▶ **ASSIGNMENT**:
Could you repeat the entries below exactly, but only from the line with "Ilde de Eleggua" through the line with "Oro Laminado Stud", and without any picture?

▶ **MATERIALS PROVIDED**:
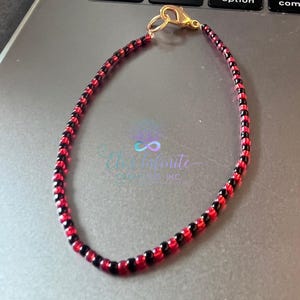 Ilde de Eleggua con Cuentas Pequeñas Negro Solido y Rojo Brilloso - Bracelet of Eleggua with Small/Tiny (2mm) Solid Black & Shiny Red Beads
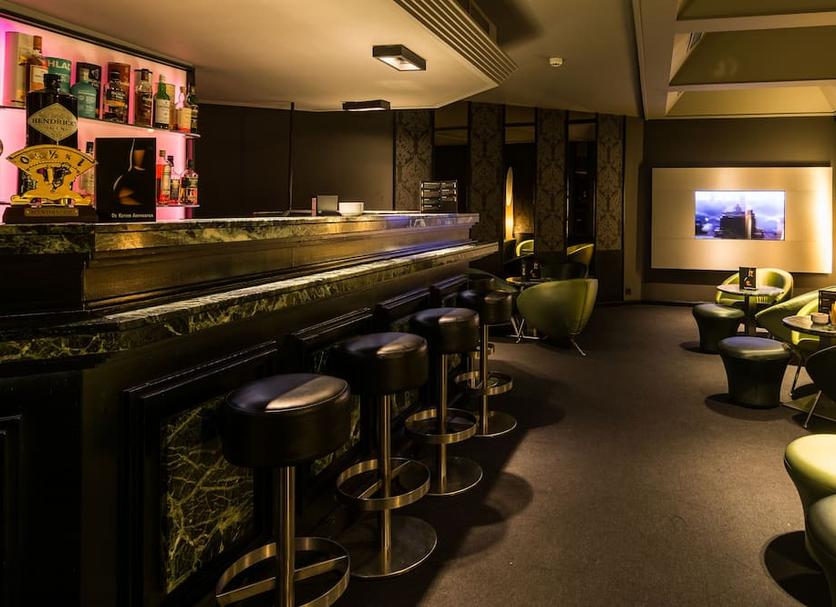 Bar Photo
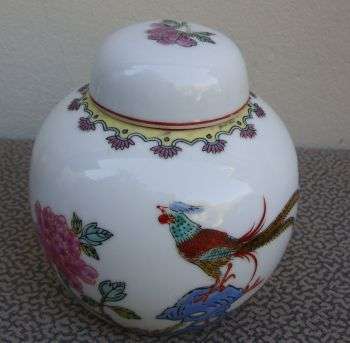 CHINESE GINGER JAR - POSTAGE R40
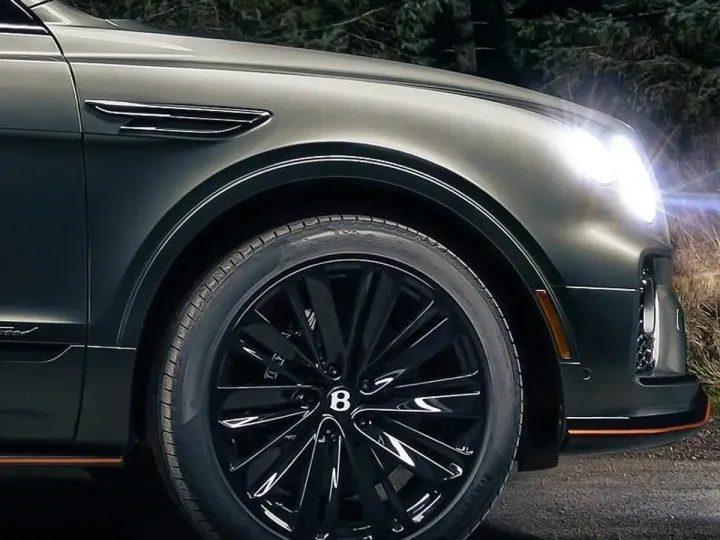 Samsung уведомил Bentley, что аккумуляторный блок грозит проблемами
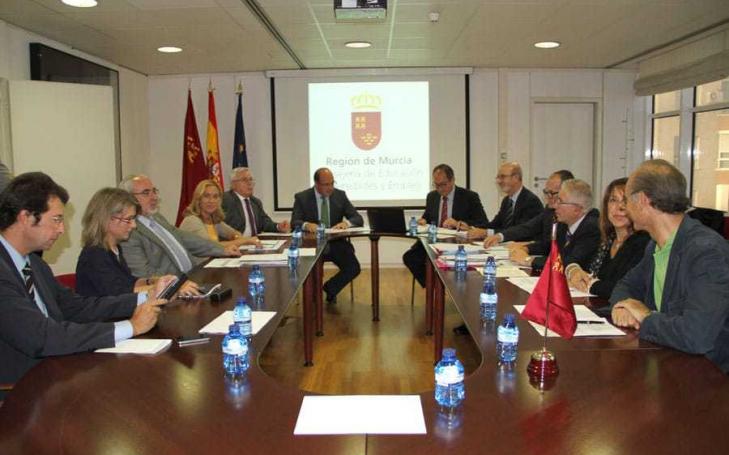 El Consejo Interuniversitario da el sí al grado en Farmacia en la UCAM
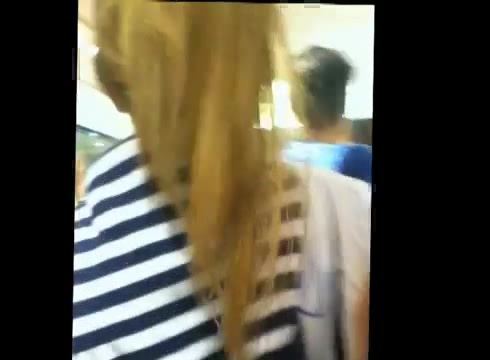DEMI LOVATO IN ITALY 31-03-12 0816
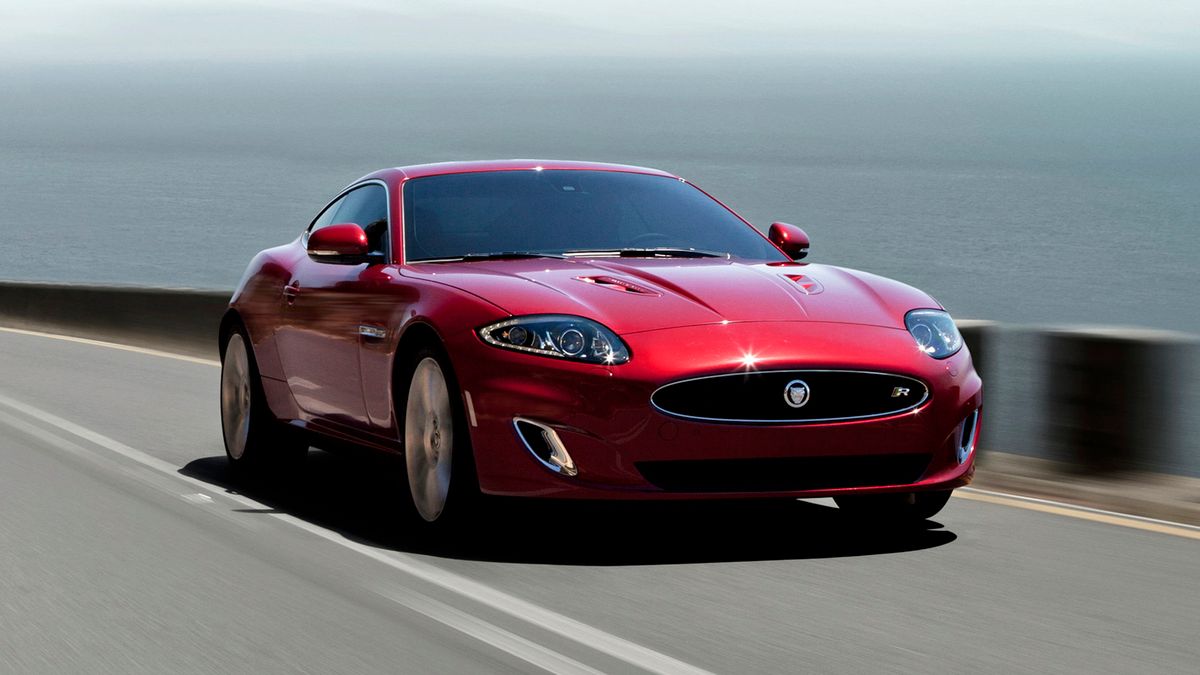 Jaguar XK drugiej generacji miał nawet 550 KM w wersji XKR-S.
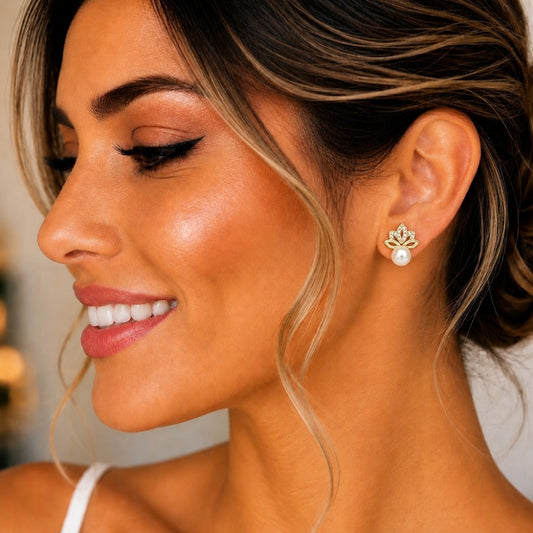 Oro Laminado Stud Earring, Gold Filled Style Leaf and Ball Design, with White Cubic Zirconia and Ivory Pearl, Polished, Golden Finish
* * *
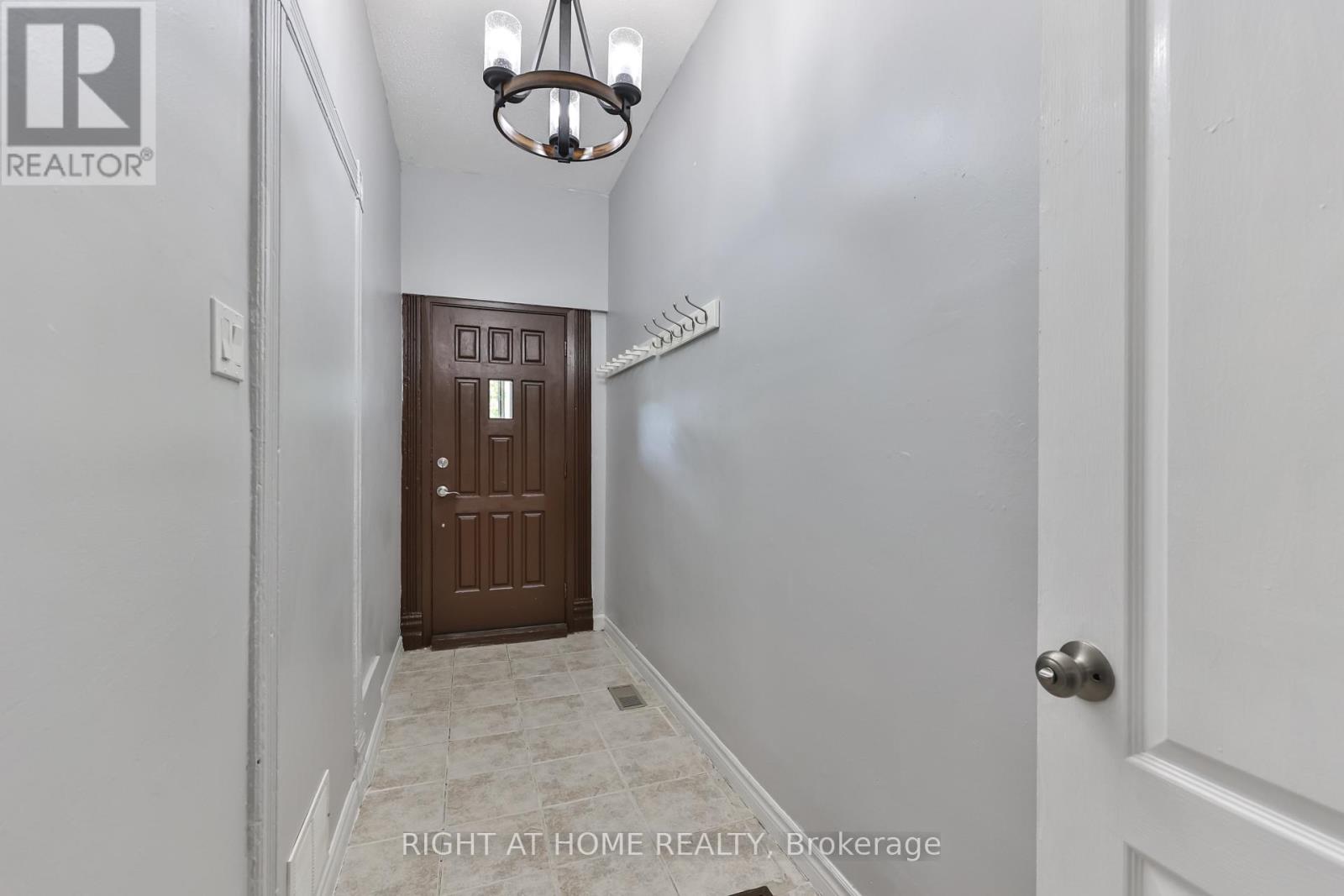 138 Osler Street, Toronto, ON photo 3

▶ **FINISHED EXERCISE**:
 Ilde de Eleggua con Cuentas Pequeñas Negro Solido y Rojo Brilloso - Bracelet of Eleggua with Small/Tiny (2mm) Solid Black & Shiny Red Beads
 Bar Photo
 CHINESE GINGER JAR - POSTAGE R40
 Samsung уведомил Bentley, что аккумуляторный блок грозит проблемами
 El Consejo Interuniversitario da el sí al grado en Farmacia en la UCAM
DEMI LOVATO IN ITALY 31-03-12 0816
 Jaguar XK drugiej generacji miał nawet 550 KM w wersji XKR-S.
 Oro Laminado Stud Earring, Gold Filled Style Leaf and Ball Design, with White Cubic Zirconia and Ivory Pearl, Polished, Golden Finish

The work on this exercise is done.